Just one year old, social real-time marketing may have already jumped the shark.
Unbelievably it seems, too many companies still do not get social: The connection that drives “moment marketing” or “real-time marketing” — the absolute Holy Grail this Super Bowl — isn’t something that can be calculated, computed, or drummed up in a war room. But because many believe it can, the rapidly maturing, increasingly mandated world of big brand social media runs the risk of being watered down to that of every other form of marketing.
The ethos for many brands going into the second social Super Bowl was that you could tie a marketing message or a pre-canned idea to a dynamic, unpredictable event, and think that it would go, for wont of a better word, viral, says everything. And yet they tried.
In practice, brands hungry to make use of their assembled backrooms and cash in on the country’s biggest event, quickly began a scattershot approach that took little account of relevancy, quality or user experience. With Oreo taking themselves out of the game early, and Audi relegated to retweeting mentions of its Snapchat campaign, brands began to offer commentary on the game, as a game, as it progressed, dipping into a wide repertoire of production-heavy content. Last year, tweets went viral far beyond a brand’s sphere of influence only because of an instantaneous – and unexpected – response to unforeseen events, and that just didn’t happen this year.

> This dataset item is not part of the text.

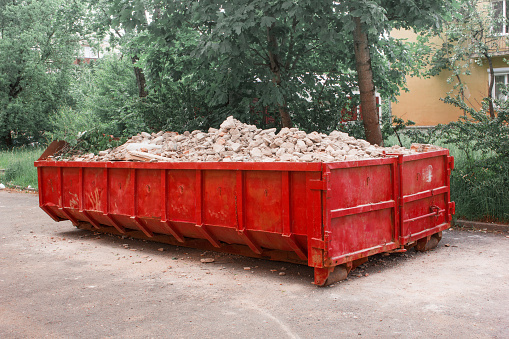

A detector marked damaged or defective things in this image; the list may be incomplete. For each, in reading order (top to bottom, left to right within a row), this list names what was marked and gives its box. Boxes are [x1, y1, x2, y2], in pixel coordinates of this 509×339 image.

rusty metal surface [36, 150, 456, 286]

Without a culturally relevant conversation to hijack, marketers engaged in what is quickly becoming a frightening theme: talking to themselves. For many brands, this year’s “blackout” was JC Penny’s #TweetingWithMittens ruse, prompting others like Coors Light to publicly poke fun and question the retailer’s tactics. Even higher quality tweets, such as this one from Newcastle, devolved into a pure brand-on-brand execution, and one that was very solidly rejected by its audience. And that’s a problem, because for an industry that already exists inside a vacuum, tweet-outs between rival social media managers only serve the belly-itching few that are anxious to pay attention. With little regard for folks outside of the advertising industry’s echo chamber, too many brands engaged in the shots-fired mentality, which could end up turning social media marketing into an altogether farce.
Where is there left to go when real-time social marketing becomes little more than a brand-on-brand echo-chamber, with knowing tweets designed to appeal not to their audience and their customers, but to a very inside baseball set of social media professionals? The desire for the post-game write-up and plaudits has sucked all the air out of the room. The true and actual fan and follower now plays second fiddle to everything else in that quick and dirty desire for instant ‘success’.
When we ignore our audience, we ignore the very reason we participate in social. RTM can be an extremely powerful tool, and is a unique facet of social, but it’s one that very quickly becomes a zero sum game in the endless pursuit of industry affirmation.